++++ Extracted material

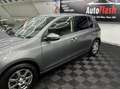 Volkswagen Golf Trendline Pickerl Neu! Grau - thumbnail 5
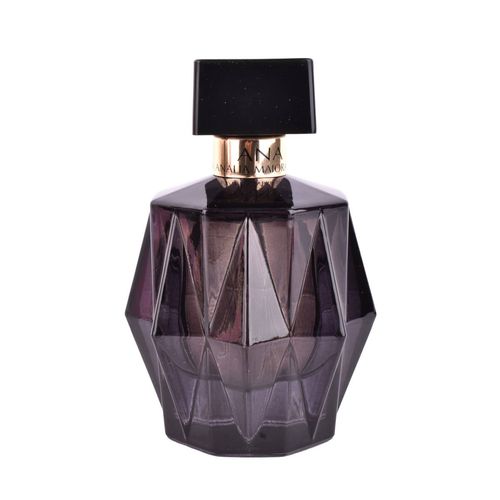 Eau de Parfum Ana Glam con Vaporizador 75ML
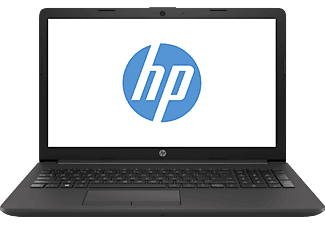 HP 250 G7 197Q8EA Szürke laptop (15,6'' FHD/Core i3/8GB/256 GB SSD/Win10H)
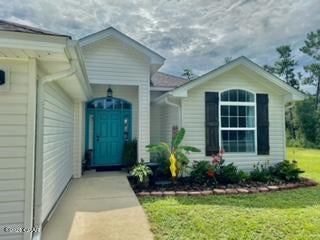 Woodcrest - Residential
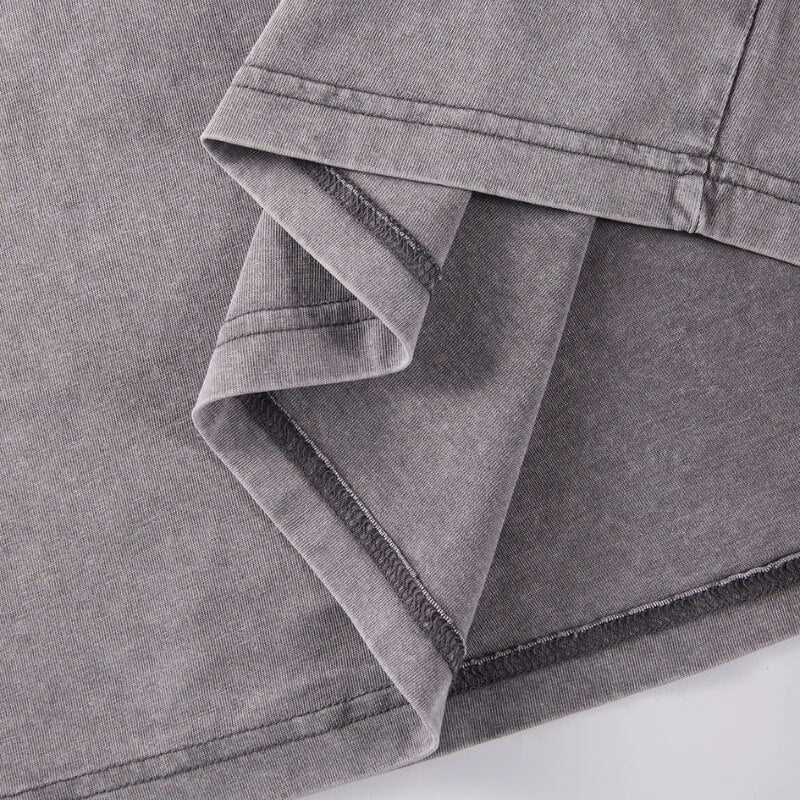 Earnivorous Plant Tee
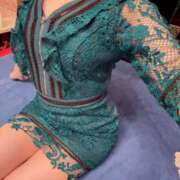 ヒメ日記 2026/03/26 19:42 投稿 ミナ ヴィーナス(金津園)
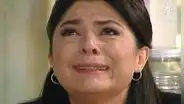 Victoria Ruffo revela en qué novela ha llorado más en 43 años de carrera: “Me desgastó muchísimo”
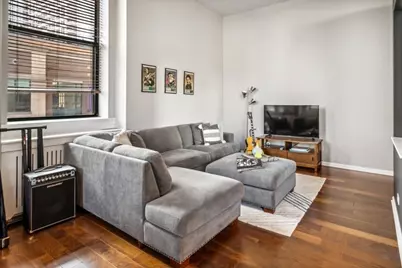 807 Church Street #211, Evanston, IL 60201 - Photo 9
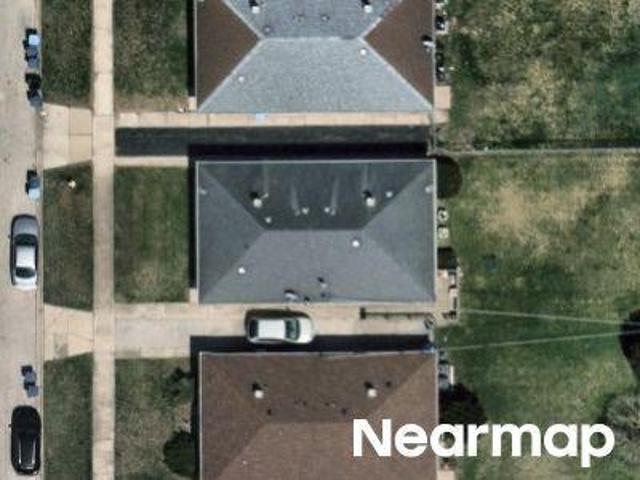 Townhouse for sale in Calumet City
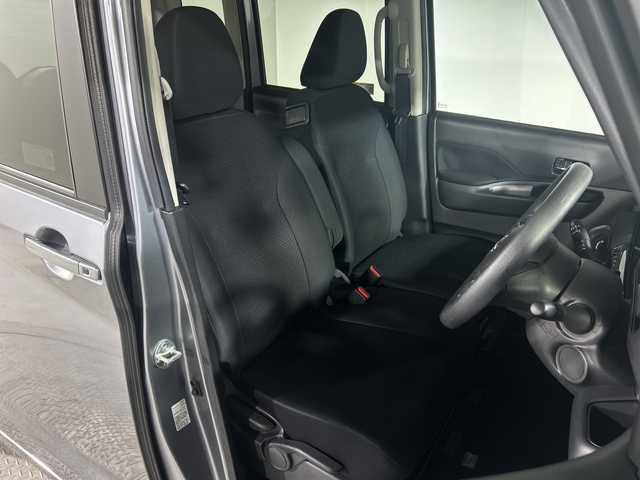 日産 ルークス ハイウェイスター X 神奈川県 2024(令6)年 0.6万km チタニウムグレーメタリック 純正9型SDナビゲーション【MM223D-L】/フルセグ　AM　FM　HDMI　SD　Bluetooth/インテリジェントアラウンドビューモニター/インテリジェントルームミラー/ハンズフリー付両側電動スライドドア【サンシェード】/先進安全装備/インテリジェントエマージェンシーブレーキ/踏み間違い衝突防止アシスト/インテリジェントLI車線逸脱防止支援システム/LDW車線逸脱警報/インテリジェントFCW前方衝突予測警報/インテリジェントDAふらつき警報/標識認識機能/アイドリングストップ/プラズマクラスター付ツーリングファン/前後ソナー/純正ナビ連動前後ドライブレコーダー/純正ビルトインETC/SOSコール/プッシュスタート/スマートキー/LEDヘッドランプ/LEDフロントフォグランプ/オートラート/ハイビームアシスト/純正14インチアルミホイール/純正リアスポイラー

++++++++

- Task details: Could you write out exactly the lines running from the one with "Victoria Ruffo revela" through the last line of the data above, both ends kept, and omit any picture?

- Exercise response:
 Victoria Ruffo revela en qué novela ha llorado más en 43 años de carrera: “Me desgastó muchísimo”
 807 Church Street #211, Evanston, IL 60201 - Photo 9
 Townhouse for sale in Calumet City
 日産 ルークス ハイウェイスター X 神奈川県 2024(令6)年 0.6万km チタニウムグレーメタリック 純正9型SDナビゲーション【MM223D-L】/フルセグ　AM　FM　HDMI　SD　Bluetooth/インテリジェントアラウンドビューモニター/インテリジェントルームミラー/ハンズフリー付両側電動スライドドア【サンシェード】/先進安全装備/インテリジェントエマージェンシーブレーキ/踏み間違い衝突防止アシスト/インテリジェントLI車線逸脱防止支援システム/LDW車線逸脱警報/インテリジェントFCW前方衝突予測警報/インテリジェントDAふらつき警報/標識認識機能/アイドリングストップ/プラズマクラスター付ツーリングファン/前後ソナー/純正ナビ連動前後ドライブレコーダー/純正ビルトインETC/SOSコール/プッシュスタート/スマートキー/LEDヘッドランプ/LEDフロントフォグランプ/オートラート/ハイビームアシスト/純正14インチアルミホイール/純正リアスポイラー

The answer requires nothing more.